Turkey d8 / Konya / Past lives, future dreams ~

After more than four weeks of being on the go, today was thankfully a slow day – although slow for me was hitting the sack at 12:30am last night after finishing my blog, then waking at 6am to work on the logistics of the Indian tour.

By 9am I was ready for breakfast, the last morning together with Zeyno and Fatih.

They have been incredibly generous in all ways – not the least being accompanying us to Konya and helping organise our time and our filming permissions here.

They were asked by a friend why were they doing it – what was in it for them – and Zeyno just shrugged and smiled and said there was nothing in it for them, it just felt like the right thing to do.

In other words they’d made an intuitive call on it.

Like Jennifer and me, they live intuitively, and they make decisions, big and small, by listening to their inner guidance.

In this case I’m very grateful that they did.

After breakfast I interviewed Zeyno – and it was a cracker. Her interview alone was worth the trip to Turkey. Because of her previous life in Washington as a high level political advisor, she was used to speaking on camera. And she’s a smart articulate woman. Plus she knows her stuff.


She spoke about intuition from an Islamic and Sufi perspective – and perhaps most importantly she gave very sensible and well articulated advice on how someone can learn to trust their intuition, and how they can begin to tap into their latent intuitive powers.

Her interview with contribute significantly to the film.

I’d wanted a location for the interview which featured Rumi’s mosque in the background, and so we shot on a rooftop restaurant – Mevlevi Sofrasi – just across from the mosque..

We were ably assisted by Ozcan and his staff, who kept backgrounds quiet for us, and positioned our table in the perfect spot for the interview.

Orzcan and staff

Here’s another shot of Ozcan, because he’s an actor and he’s handsome – and he gave us free tea…


At dinner I asked for a beer but Konya doesn’t serve or sell any kind of alcohol. Not even beer. They do they have a great yoghurt drink, which you can mix with soda water. Yummy.

After the interview Zeyno and Fatih very kindly did a past life session on me, where they accessed my past lives and found something which I’d done in a previous life that was still impacting on me – detrimentally – in this current life.

I won’t go into details, because it’s very personal, but I was a bad boy some 350 years ago. A very bad boy. And I’ve been paying for it ever since. And harbouring a lot of guilt.

Together Zeyno and Fatih determined what I’d done, and why I’d done it, and they placed it before me so that I could see it, feel it, taste it, touch it, and then apologise for it. And then they released me from the guilt.

Strangely, while this was happening I felt a sudden exhaustion, and then hot flushes running up the right side of my body, right up to my neck.

It was very odd.

The whole session took about half an hour, and at the end of it I was yawning with tiredness – which they said was only me releasing energies. I have to admit it was fascinating, and I felt much lighter after it was over – like something oppressive that had been weighing me down for a long long time had been lifted.

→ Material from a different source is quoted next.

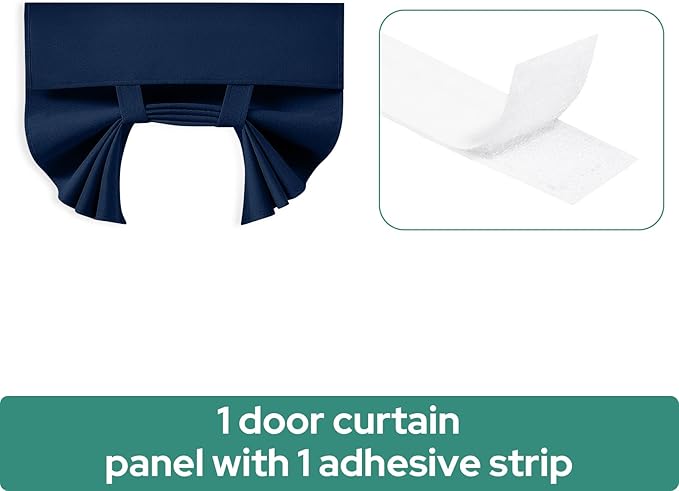 HOMEIDEAS 100% Linen Blackout French Door Curtains, Privacy Door Window Curtains, 26 X 40 Inch Room Darkening Blinds, Thermal Insulated Shades for Bedroom, 1 Panel, Navy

Zeyno and Fatih can do these sessions via Skype, so if you’re interested in finding out what past life karma you’re still holding, then get in touch with me, and I will put you in touch with them. You might think it’s Weird and Whacky, but it works.

We then said our goodbyes to Zeyno and Fatih, with the possibility that we’ll meet up again later in the year in the US in Sedona – another spiritual power point.

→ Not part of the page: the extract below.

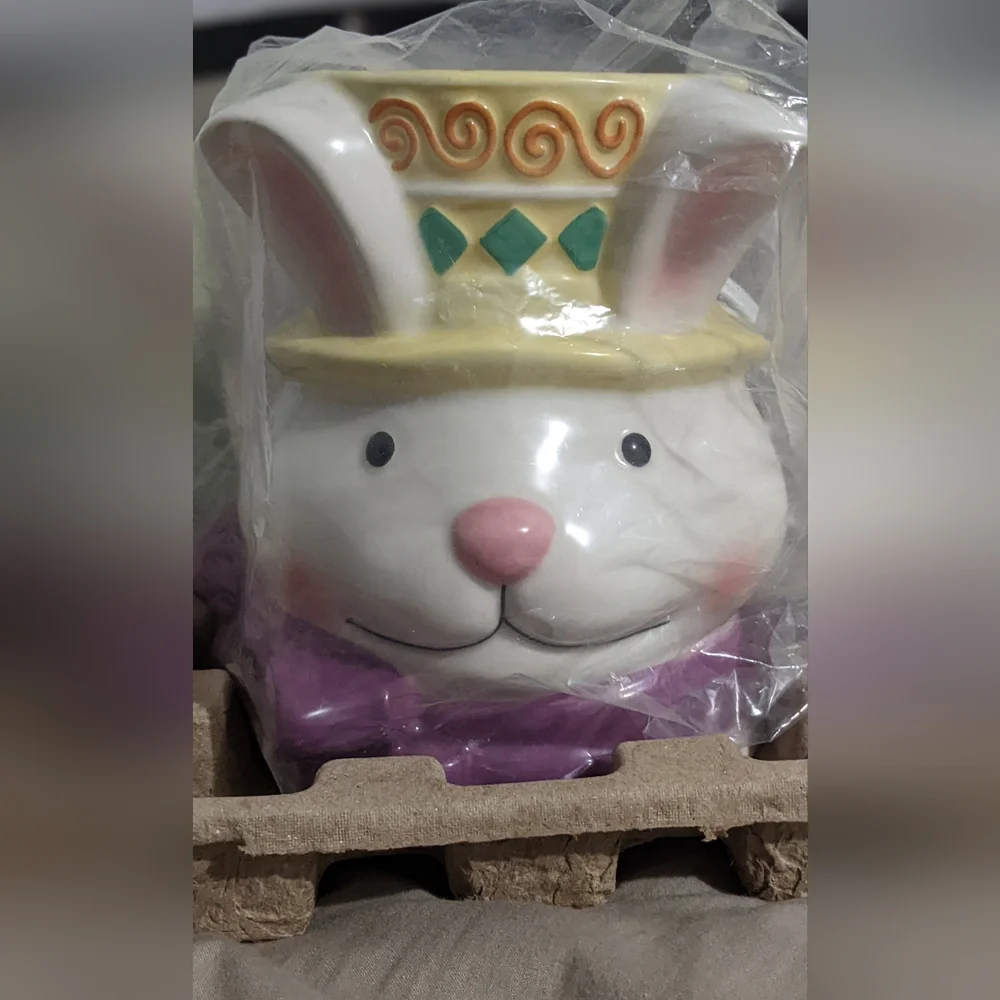 Scentsy Easter Bunny Warmer - White, Pink, and Purple, Yellow - Picture 3 of 8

Zeyno and Fatih outside hotel

Jennifer and I now have two days in Konya before we make our way home. We’re spending those days relaxing, preparing for the long flight, and taking stock of what we’ve learned, and what we’ve shot here in Turkey.

I haven’t really understood Islam up till now. And I don’t profess to be an instant expert by any means. In these few days  I’ve only glimpsed what Islam has to offer.

Sufism interprets the Islamic teachings in a softer more empathetic and loving form, and that’s what we’ve been dealing with in Istanbul and Konya.


I like Sufism. One of the gentlemen I spoke to, a senior Sufi, talked about being “comfortable.” Sufism makes me feel comfortable.

Here’s something which should make any sane human feel distinctly UNcomfortable –  I took this portrait of Fatih last night at the Whirling Dervish ceremony. It’s hard to believe he’s one of the gentlest souls you could meet. This can only mean one thing – that I’m a damn fine photographer.

Did I mention that one of the strong tenets of Sufism is about letting go of ego?